Veterans Psychological Health
http://www.nytimes.com/2004/12/16/national/16stress.html?hp&ex=1103259600&en=76ccd089725f8a3c&ei=5094&partner=homepage wrote:
A Flood of Troubled Soldiers Is in the Offing, Experts Predict
ASHINGTON, Dec. 15 - The nation's hard-pressed health care system for veterans is facing a potential deluge of tens of thousands of soldiers returning from Iraq with serious mental health problems brought on by the stress and carnage of war, veterans' advocates and military doctors say.
An Army study shows that about one in six soldiers in Iraq report symptoms of major depression, serious anxiety or post-traumatic stress disorder, a proportion that some experts believe could eventually climb to one in three, the rate ultimately found in Vietnam veterans. Because about one million American troops have served so far in the conflicts in Iraq and Afghanistan, according to Pentagon figures, some experts predict that the number eventually requiring mental health treatment could exceed 100,000.
"There's a train coming that's packed with people who are going to need help for the next 35 years," said Stephen L. Robinson, a 20-year Army veteran who is now the executive director of the National Gulf War Resource Center, an advocacy group. Mr. Robinson wrote a report in September on the psychological toll of the war for the Center for American Progress, a Washington research group.
"I have a very strong sense that the mental health consequences are going to be the medical story of this war," said Dr. Stephen C. Joseph, who served as the assistant secretary of defense for health affairs from 1994 to 1997.

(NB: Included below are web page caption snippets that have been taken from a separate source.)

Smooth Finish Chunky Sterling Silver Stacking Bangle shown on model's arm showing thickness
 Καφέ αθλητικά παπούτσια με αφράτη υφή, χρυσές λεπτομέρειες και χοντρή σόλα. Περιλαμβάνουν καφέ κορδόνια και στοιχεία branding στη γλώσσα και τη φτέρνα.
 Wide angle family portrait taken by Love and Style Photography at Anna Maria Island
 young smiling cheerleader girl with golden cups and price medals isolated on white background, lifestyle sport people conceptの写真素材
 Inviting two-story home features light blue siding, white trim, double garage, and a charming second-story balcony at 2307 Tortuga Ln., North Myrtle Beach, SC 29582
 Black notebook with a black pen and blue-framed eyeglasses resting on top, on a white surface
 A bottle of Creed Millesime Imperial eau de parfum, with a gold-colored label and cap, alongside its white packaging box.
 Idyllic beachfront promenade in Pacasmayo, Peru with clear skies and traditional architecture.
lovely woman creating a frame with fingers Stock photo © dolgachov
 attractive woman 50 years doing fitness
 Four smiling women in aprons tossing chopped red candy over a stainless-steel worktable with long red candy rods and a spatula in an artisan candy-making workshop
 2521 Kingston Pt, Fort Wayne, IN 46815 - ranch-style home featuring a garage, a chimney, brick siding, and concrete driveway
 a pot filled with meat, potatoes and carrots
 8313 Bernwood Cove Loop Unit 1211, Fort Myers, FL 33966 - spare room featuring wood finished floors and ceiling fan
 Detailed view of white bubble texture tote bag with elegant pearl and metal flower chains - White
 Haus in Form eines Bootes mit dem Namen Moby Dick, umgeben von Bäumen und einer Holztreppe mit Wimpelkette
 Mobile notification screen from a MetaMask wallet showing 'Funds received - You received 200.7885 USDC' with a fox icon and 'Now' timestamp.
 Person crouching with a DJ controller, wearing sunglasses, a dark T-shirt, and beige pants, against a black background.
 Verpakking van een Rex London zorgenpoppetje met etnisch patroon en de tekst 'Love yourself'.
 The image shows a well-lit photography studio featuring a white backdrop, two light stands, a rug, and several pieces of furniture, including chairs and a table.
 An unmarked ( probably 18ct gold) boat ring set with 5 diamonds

What was planned as a short and decisive intervention in Iraq has become a grueling counterinsurgency that has put American troops into sustained close-quarters combat on a scale not seen since the Vietnam War. Psychiatrists say the kind of fighting seen in the recent retaking of Falluja - spooky urban settings with unlimited hiding places; the impossibility of telling Iraqi friend from Iraqi foe; the knowledge that every stretch of road may conceal an explosive device - is tailored to produce the adrenaline-gone-haywire reactions that leave lasting emotional scars.
And in no recent conflict have so many soldiers faced such uncertainty about how long they will be deployed. Veterans say the repeated extensions of duty in Iraq are emotionally battering, even for the most stoical of warriors...
...Through the end of September, the Army had evacuated 885 troops from Iraq for psychiatric reasons, including some who had threatened or tried suicide. But those are only the most extreme cases. Often, the symptoms of post-traumatic stress disorder do not emerge until months after discharge...
...As of Wednesday 5,229 Americans have been seriously wounded in Iraq. Through July, nearly 31,000 veterans of Operation Iraqi Freedom had applied for disability benefits for injuries or psychological ailments, according to the Department Veterans Affairs.
Every war produces its medical signature, said Dr. Kenneth Craig Hyams, a former Navy physician now at the Department of Veterans Affairs. Soldiers came back from the Civil War with "irritable heart." In World War I there was "shell shock." World War II vets had "battle fatigue." The troubles of Vietnam veterans led to the codification of post-traumatic stress disorder...
Vigilance. I've heard about this, and remember after Dessert storm there was talk about post-war trauma. I'm most familiar with it from a different context, but as the article stated, every exerpience has its psychological particulars. It seems that the extent of this recent one is going to be far reaching due to the urban landscape and the prolonged terms of stay. I don't think there are facilities back here that can handle it, and the article (marked in the quote) said as much. There were supposed to be travelling therapists that never reached some troops, and the country is stuggling to identify support structures upon return. The article was a bit dramatic at times, speaking about how this resurfaces later and marriages fall apart and heavy drinking begins. This may be true, but I don't know so didn't include it in the exerts.